Exercise data:
---------------
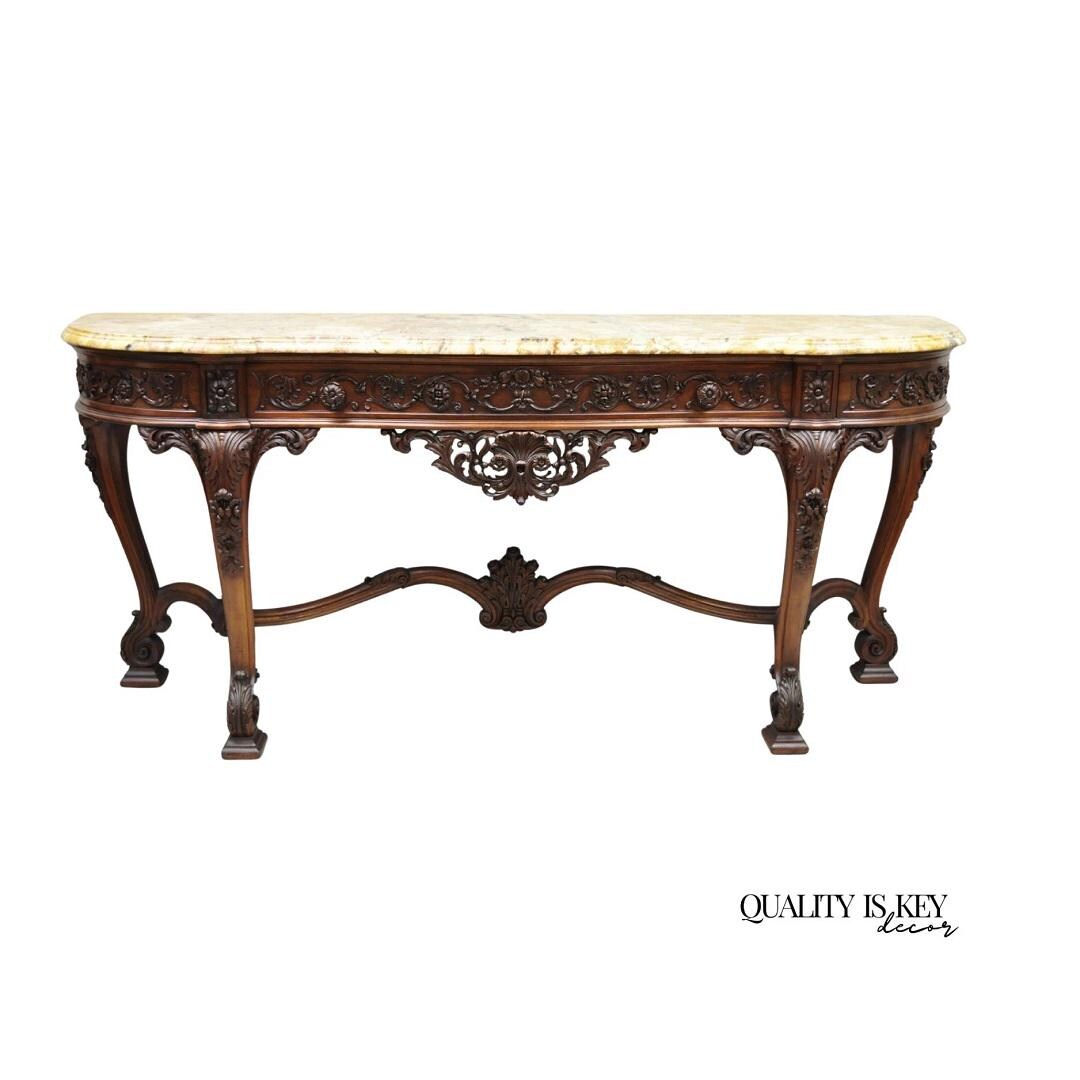 Buffet Table Rococo Antique French Baroque Rococo Carved Walnut Marble Top Sideboard Buffet ...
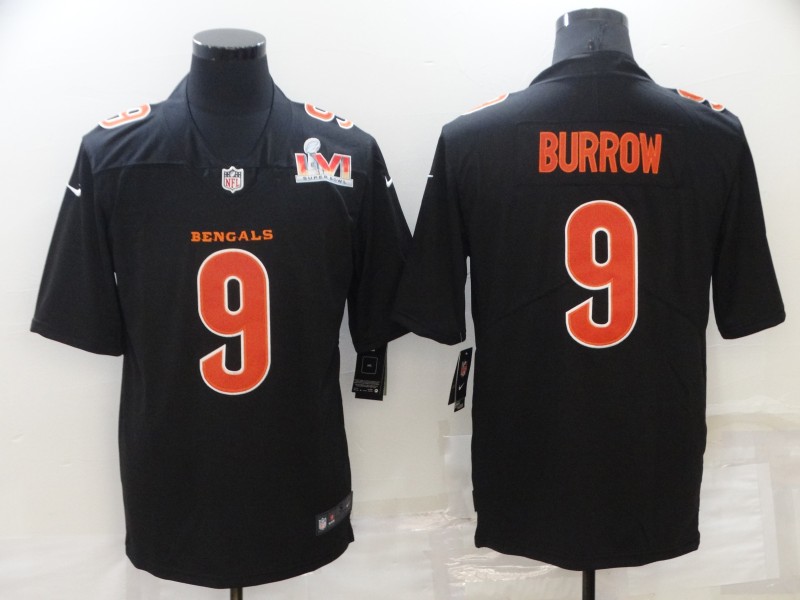 Nike Bengals 9 Joe Burrow Black 2022 Super Bowl LVI Vapor Limited Jersey,We sell and wholesale Nike Bengals 9 Joe Burrow Black 2022 Super Bowl LVI Vapor Limited Jersey on line form chian!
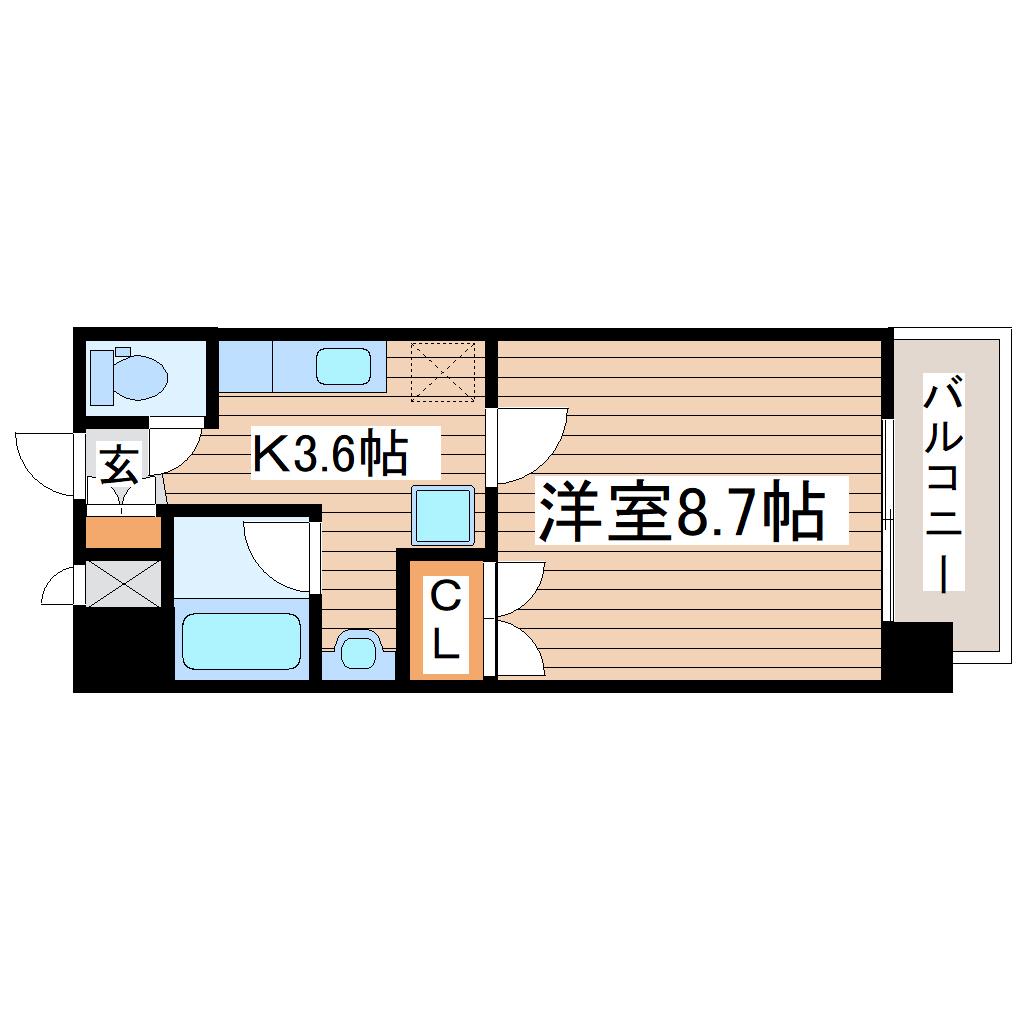 アムールシャトー(1K/5階)の間取り写真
---------------
Output each line exactly as shown above; no pictures go in the copy.

 Buffet Table Rococo Antique French Baroque Rococo Carved Walnut Marble Top Sideboard Buffet ...
 Nike Bengals 9 Joe Burrow Black 2022 Super Bowl LVI Vapor Limited Jersey,We sell and wholesale Nike Bengals 9 Joe Burrow Black 2022 Super Bowl LVI Vapor Limited Jersey on line form chian!
 アムールシャトー(1K/5階)の間取り写真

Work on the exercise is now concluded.